Hint: The length of the tube is the positive integral multiple of half wavelength of sound waves and velocity is the product of wavelength of sound wave and frequency. We’ll substitute the value of wavelength from the formula of length of the tube in the formula of velocity of the sound wave and then frequency can be calculated. Then, we put the value of n as 1, 2 and 3 in the frequency and all the three frequencies can be calculated.

Complete answer:
Air is blown at the mouth of a tube whose length (l) is 25 cm and diameter (d) is 2 cm and the tube is open from both the ends and thus it is known as open organ tube. As both the ends of the tube are open, therefore the waves are reflected from these ends with change of type but the particles continue to move in the same direction even after the reflection of the waves at the open ends. So, the particles have maximum displacements at the open ends.

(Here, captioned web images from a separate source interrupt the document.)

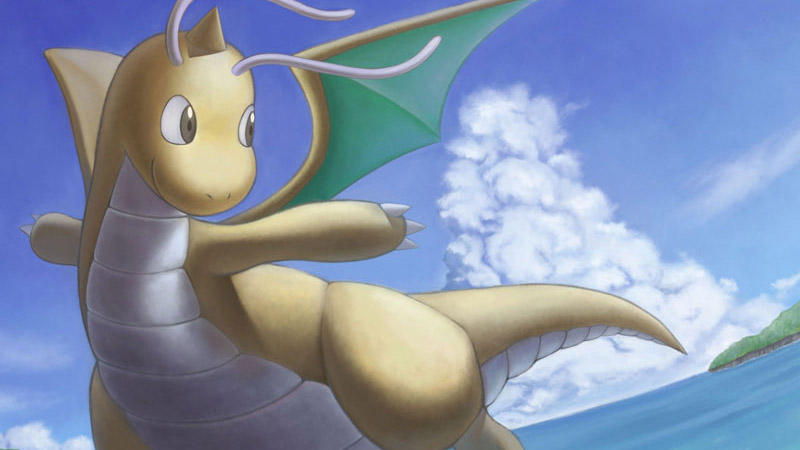 Dragonite Dragonite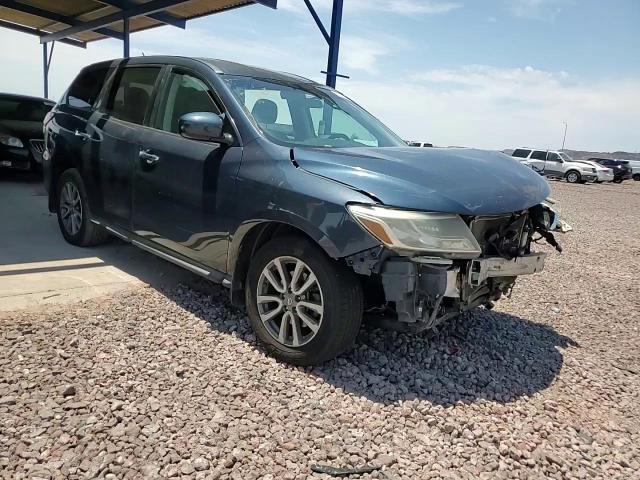 2014 Nissan Pathfinder S VIN: 5N1AR2MN1EC632373 Lot: 63637904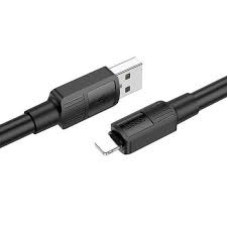 Кабель HOCO X84 iPhone Solid charging data cable, чорний, 99183-1 Кабель HOCO X84 iPhone Solid charging data cable, чорний, 99183-1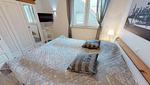 Schlafzimmer - Haus Friedrichstr. 16a Typ O - Top-Hundeurlaub
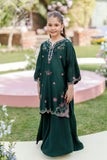 SS26DK-0213 BOTTLE GREEN 2PCs Dhanak Brand Original Fabrics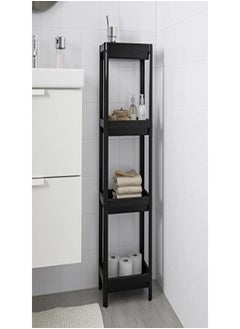 Ikea Ikea Vesken Shelf Unit - Black  - Image 4
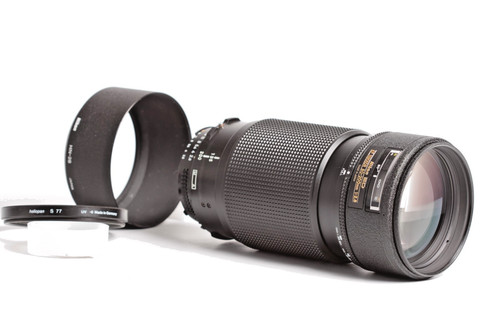 Nikon nikkor 8 - ed, af
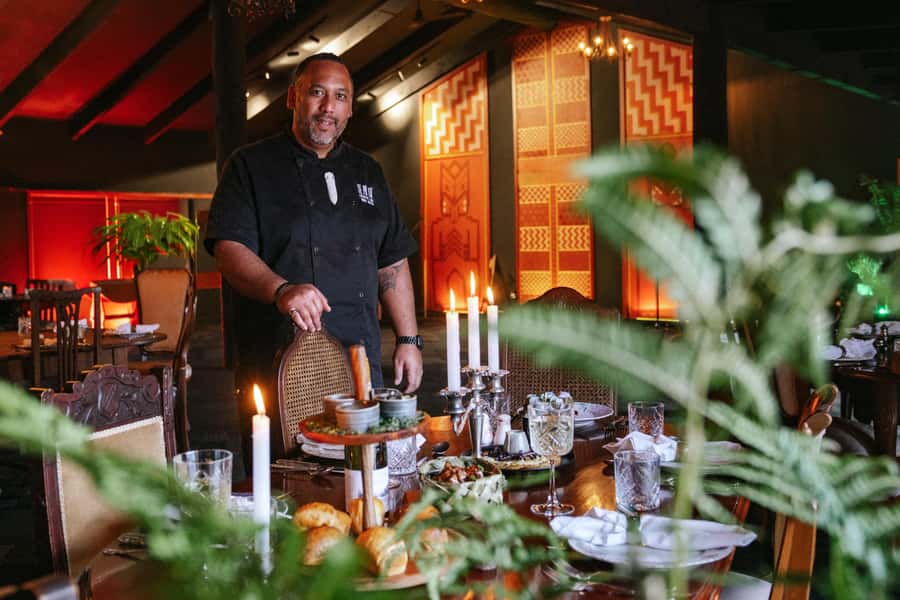 Rotorua: Te Pa Tu Māori Cultural Experience with Dinner - From forest canapés to a four-course feast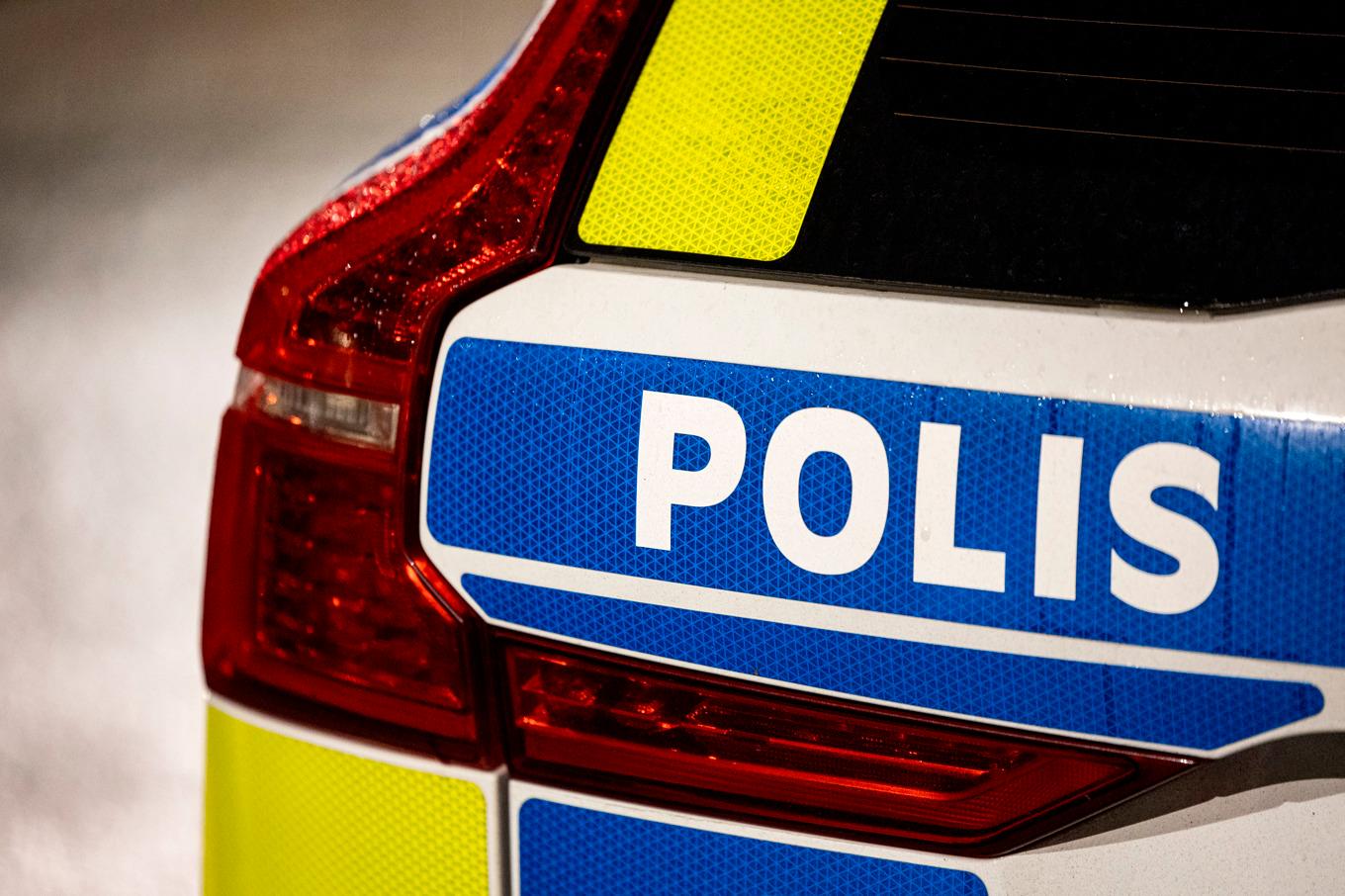 Polisen sköt mannen i benet. Arkivbild. Foto: Christine Olsson/TT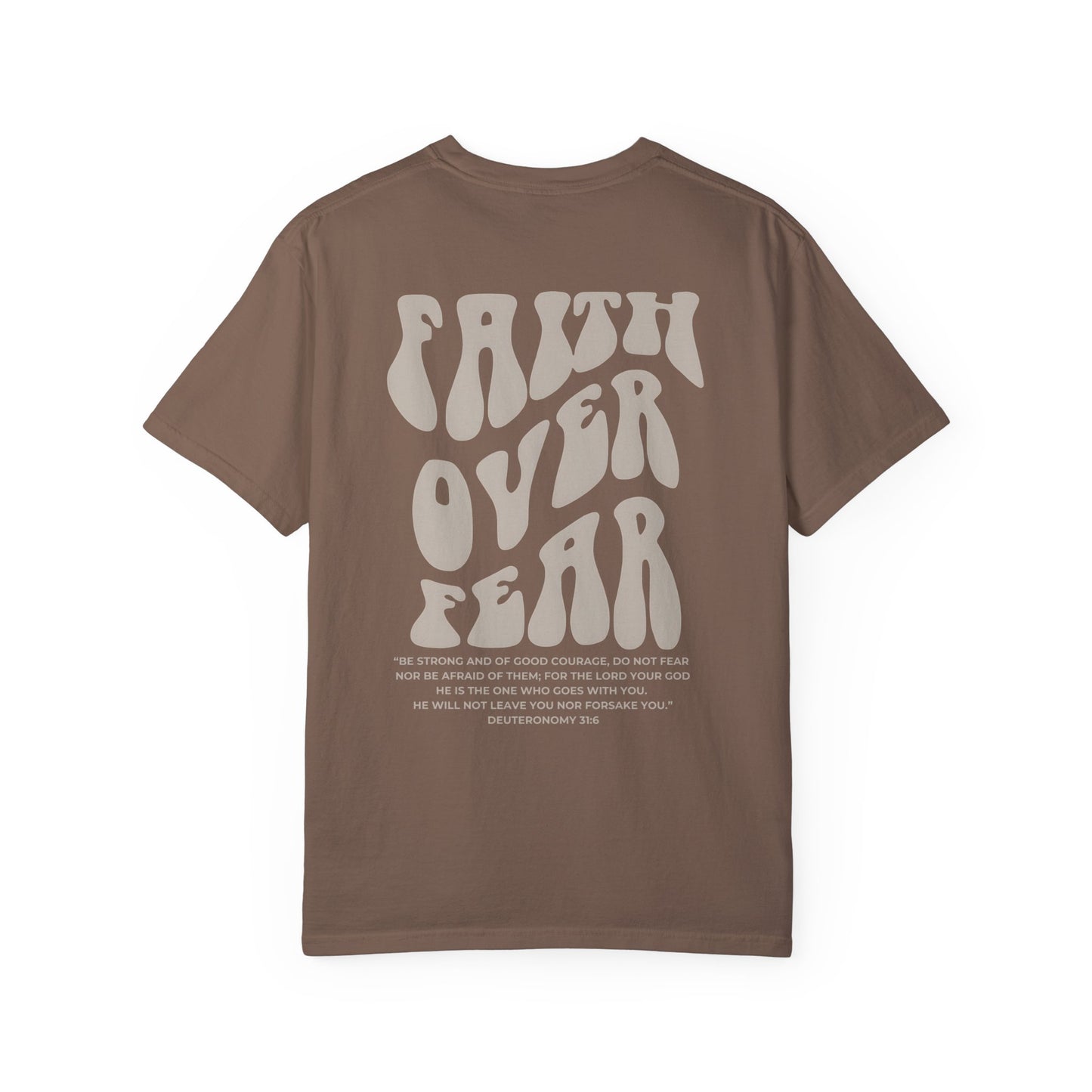 Faith over Fear Tee (Vintage Wash)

Thus, antinodes are formed at the open ends. In other words, antinodes are the position of maximum displacement above and below the rest position. Now, the length of the tube $\left( l \right) = \dfrac{{n\lambda }}{2}$ where λ is the wavelength of the sound and n is the number of nodes formed and also the antinodes formed at the open ends are separated by n nodes and n+1 antinodes. The amplitude whose magnitude is zero is known as node.
Hence,
$l = \dfrac{{n\lambda }}{2}$
$\Rightarrow\lambda = \dfrac{{2l}}{n}$
$\Rightarrow v = \nu \lambda $ where $\nu $ is the frequency and v is the velocity of sound in air.
$\Rightarrow v = \dfrac{{2l\nu }}{n}$
$\Rightarrow\nu = \dfrac{{vn}}{{2l}}$
$\Rightarrow\nu = \dfrac{{n \times 330}}{{2 \times 0.25}}\left[ {1cm = 0.01m} \right]$
$\Rightarrow\nu = 660n$ Hz
Now, when $n = 1$ ,
$\nu = 660 \times 1i.e.,660$ Hz
When $n = 2$ ,
$\nu = 660 \times 2$ i.e., $1320$ Hz
When $n = 3$ ,
$\therefore \nu = 660 \times 3$ i.e., $1980$ Hz
Hence, the sound emitted will have all the frequencies in the group $\left({660,1320,1980Hz} \right)$ .

Therefore, option C is correct.

Note: In an open organ tube or pipe, the tones of frequencies are $\nu ,2\nu ,3\nu ,.......n\nu $ by adjusting the pressure with which air is blown into the tube. The speed of the sound is in $m{s^{ - 1}}$ and hence we should convert the length of the tube from cm to m.